A care worker from Windsor who callously defrauded a vulnerable elderly man out of £1,250 after she helped herself to his own money, has been spared jail by a judge.

Nicole Bailey, of Sheepcote Road, was entrusted with looking after of a man with learning disabilities at the care home, in Theale, Berkshire, when she swindled him out of his own money, prosecutor Amanda Hamilton told the court.

The 41-year-old woman took advantage of her victim's mental and physical impairments to defraud the 64-year-old out of a large sum of his own money, after he required her assistance with larger financial transactions.

Judge Edward Burgess QC heard when Bailey's ruthless fraud came to light when she attempted to shift the blame onto her own line manager, after committing the offences over several weeks through June 2017.

The court heard that Bailey had specifically targeted the elderly man on account of his learning and hearing impairments and required care despite a degree of independence.

In mitigation, defence barrister Rhiannon Sadler cited her previous good character and her commitment to her children after a previous abusive relationship.

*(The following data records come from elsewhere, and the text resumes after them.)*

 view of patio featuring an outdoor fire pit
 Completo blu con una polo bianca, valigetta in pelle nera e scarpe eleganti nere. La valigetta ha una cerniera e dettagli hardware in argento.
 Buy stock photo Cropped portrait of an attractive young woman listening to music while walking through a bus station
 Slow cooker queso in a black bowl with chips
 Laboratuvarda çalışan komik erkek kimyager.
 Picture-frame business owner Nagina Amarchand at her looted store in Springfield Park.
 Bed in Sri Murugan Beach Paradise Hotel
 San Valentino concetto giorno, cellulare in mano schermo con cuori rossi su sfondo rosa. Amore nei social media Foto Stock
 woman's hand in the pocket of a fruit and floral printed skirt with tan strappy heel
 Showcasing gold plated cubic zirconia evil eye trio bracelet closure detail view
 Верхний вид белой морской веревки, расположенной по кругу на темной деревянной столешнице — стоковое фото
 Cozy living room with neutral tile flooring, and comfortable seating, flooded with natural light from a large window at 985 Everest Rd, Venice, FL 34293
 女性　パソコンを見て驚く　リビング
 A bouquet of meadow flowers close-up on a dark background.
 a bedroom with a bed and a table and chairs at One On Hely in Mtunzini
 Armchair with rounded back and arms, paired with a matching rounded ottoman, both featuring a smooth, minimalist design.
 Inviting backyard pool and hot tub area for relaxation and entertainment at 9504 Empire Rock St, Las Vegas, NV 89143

Bailey appeared in the dock with dark hair, wore a dark coat and held a leather handbag.

Ms Dadler said: "She is of good character prior from this extremely unfortunate incident and has said how ashamed she is of her actions – it does appear to be a complete blip on her character."

On what was due to be the first day of her trial at Reading Crown Court, Bailey admitted the offence.

Judge Burgess told her: "You are now 41-years-old but I have to sentence you for a single count of fraud between June 6 to June 22, 2017 as a carer at Dimensions care home.

"Your victim was 64 years of age and the home was told he had mild learning difficulties and mild hearing problems. He needed help with larger transactions.

"You cynically exploited that vulnerability and the relationship and trust you had with him...during the period in June 2017, you helped yourself to a sum of his money. There were clear rules in place as to how that money was to be withdrawn and managed.

"To make matters worse, when the lost money became known, you tried to pass the blame to your line manager. It was only at the first day of trial that you admitted to the offence.

"I am in no doubt your culpability is high. Your victim you deliberately targeted on the basis of his vulnerability and there is a high level of victim impact.

“Other aggravating factors include attempts to conceal and blame others – worse still, in the context, your attempts to blame your line manager for your own offending.

"You are the prime carer of young children, have no previous convictions and are of previous good character. I am told you are remorseful. I must place this offending in that context.

"In my judgement, the starting point would have been 10 months in jail. You are entitled to some credit as you admitted the offence on the first day of the trial.

"In my view, nothing other than custodial sentence can be justified in this case, but the right course to take is to spare you immediate imprisonment."

Bailey was handed a nine-month prison sentence, suspended for 18 months, by Judge Burgess QC. He also ordered she undertake ten days rehabilitation, 120 hours unpaid work experience and a victim surcharge.

She was also ordered to pay the entire £1,250 to Dimensions after it reimbursed the victim.

Judge Burgess QC said: "I have much hope that after you have completed this sentence successfully, this is the last time a Crown Court will see of you for the rest of your life."